Visualization and the Human Brain
"Imagination is more important than knowledge, for imagination embraces the world."
Over the millennia, our ancestors endeavored to teach survival skills to each subsequent generation. It quickly became evident that maximizing their innovative capabilities enhanced survival, increased longevity, and advanced a culture.
Anthropologists recently discovered that the ratio of older inhabitants to younger members of a civilization frequently determined, if and how far that group advanced on the path from short-term primitive living to sophisticated civilizations. Today’s mission for the next generation remains no different than it was 50,000 years ago.

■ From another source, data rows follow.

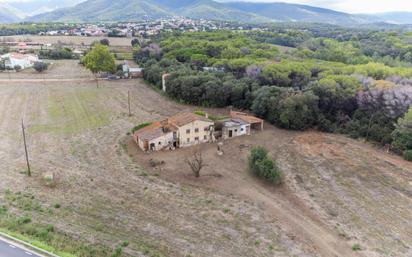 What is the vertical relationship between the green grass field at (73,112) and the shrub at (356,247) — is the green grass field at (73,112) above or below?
above

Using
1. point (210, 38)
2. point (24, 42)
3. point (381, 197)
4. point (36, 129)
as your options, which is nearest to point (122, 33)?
point (24, 42)

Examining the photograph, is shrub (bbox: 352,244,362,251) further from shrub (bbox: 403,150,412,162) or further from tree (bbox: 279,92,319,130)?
tree (bbox: 279,92,319,130)

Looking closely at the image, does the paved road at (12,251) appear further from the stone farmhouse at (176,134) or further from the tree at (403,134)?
the tree at (403,134)

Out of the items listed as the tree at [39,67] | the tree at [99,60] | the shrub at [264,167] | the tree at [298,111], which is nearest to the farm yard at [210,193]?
the shrub at [264,167]

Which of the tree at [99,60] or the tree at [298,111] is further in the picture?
the tree at [99,60]

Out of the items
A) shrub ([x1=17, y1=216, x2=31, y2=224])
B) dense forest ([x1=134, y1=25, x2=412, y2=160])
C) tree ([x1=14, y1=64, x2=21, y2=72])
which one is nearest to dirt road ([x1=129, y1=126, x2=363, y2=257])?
dense forest ([x1=134, y1=25, x2=412, y2=160])

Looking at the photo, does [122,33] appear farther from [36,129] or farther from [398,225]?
[398,225]

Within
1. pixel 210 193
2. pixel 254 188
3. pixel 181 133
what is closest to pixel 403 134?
pixel 254 188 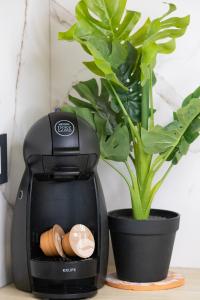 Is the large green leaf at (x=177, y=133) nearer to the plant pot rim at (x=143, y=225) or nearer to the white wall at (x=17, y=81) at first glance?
the plant pot rim at (x=143, y=225)

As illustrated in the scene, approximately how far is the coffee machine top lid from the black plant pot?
0.21m

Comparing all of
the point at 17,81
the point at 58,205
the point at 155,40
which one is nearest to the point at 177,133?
the point at 155,40

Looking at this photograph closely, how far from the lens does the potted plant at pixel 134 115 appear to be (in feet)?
5.15

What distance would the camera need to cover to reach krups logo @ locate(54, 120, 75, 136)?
150 cm

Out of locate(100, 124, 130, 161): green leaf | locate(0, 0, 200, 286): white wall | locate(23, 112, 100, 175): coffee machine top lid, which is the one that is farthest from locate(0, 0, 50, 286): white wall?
locate(100, 124, 130, 161): green leaf

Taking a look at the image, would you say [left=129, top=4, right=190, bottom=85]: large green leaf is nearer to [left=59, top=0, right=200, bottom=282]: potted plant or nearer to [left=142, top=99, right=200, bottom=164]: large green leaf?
[left=59, top=0, right=200, bottom=282]: potted plant

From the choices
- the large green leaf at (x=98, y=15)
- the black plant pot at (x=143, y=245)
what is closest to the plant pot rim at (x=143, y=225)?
the black plant pot at (x=143, y=245)

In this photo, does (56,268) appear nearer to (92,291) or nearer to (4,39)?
(92,291)

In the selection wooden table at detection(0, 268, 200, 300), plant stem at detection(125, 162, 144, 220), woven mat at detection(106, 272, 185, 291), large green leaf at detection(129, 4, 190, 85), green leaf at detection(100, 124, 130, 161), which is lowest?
wooden table at detection(0, 268, 200, 300)

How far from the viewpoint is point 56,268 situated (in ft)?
4.93

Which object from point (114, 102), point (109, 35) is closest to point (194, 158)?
point (114, 102)

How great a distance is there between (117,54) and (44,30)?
1.25ft

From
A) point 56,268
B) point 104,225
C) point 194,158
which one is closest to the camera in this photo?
point 56,268

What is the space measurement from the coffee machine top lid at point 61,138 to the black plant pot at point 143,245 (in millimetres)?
211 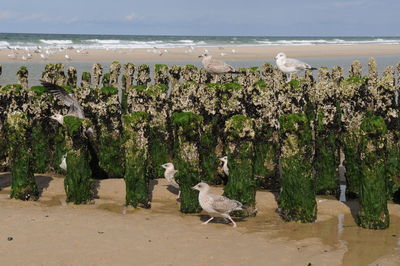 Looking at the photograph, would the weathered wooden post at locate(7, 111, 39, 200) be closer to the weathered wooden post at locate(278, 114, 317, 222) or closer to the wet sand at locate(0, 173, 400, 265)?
the wet sand at locate(0, 173, 400, 265)

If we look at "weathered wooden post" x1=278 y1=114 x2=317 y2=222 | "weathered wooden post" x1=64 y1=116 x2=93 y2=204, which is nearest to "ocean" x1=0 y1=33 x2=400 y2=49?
"weathered wooden post" x1=64 y1=116 x2=93 y2=204

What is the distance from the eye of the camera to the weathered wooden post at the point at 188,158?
32.2 feet

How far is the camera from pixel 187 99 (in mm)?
11453

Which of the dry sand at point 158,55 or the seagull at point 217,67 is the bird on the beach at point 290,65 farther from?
the dry sand at point 158,55

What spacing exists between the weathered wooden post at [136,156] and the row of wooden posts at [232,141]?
0.02 m

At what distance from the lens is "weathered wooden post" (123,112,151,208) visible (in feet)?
32.5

Over the eons, the remarkable human brain evolved to store information, not merely for the purpose of being able to recall the past and its myriad details. Instead, early hominid brains developed in a manner that permitted them to successfully navigate a frequently dangerous and unpredictable world. While the physical world has always been governed by the same universal natural laws, our ancestors increasingly relied heavily upon patterns and relationships in nature to anticipate the future and to plan their behaviors accordingly in order to survive environments that were subject to change at a moment’s notice. These early “scientist-explorers” devoted the majority of each day to avoiding the numerous dangers while taking advantage of any clear and present opportunity. Keys to survival were
(1) distinguishing danger from opportunity
(2) storing accurate memory records
(3) visualizing appropriate responses.
Matters relevant to the danger-opportunity continuum warranted visualization and memorization. Early mankind learned to visualize future possibilities by using their imagination, asking the right questions, making observations, gathering data and information, classifying objects and events, making predictions, thoughtfully conducting tests and experimenting, operating on “best-guesses” and hunches, framing explanations based on evidence, communicating ideas, using trial-and-error strategies, revising their thinking as-needed, dedicating their lives to “making sense” of their environment –the ultimate quest of human knowledge. At the core of these new competencies was a complex web of curiosity, inferential and abstract thinking, not for academic purposes, but for survival.
Two million years ago, Homo habilis began an exponential brain growth enlarging both the cerebral cortex and expanding the cranium to encase and protect a much larger brain. Within a million years, the Homo sapiens brain doubled in size to 1350 cm2. The most distinguishing features evolved
(1) a brain that was extremely large relative to body mass
(2) the cognitive abilities to create tools and technology, to reason and plan
(3) a unique ability to adapt to a plethora of environments and circumstances, as well as to create their own environments, rather than just adapting to natural surroundings.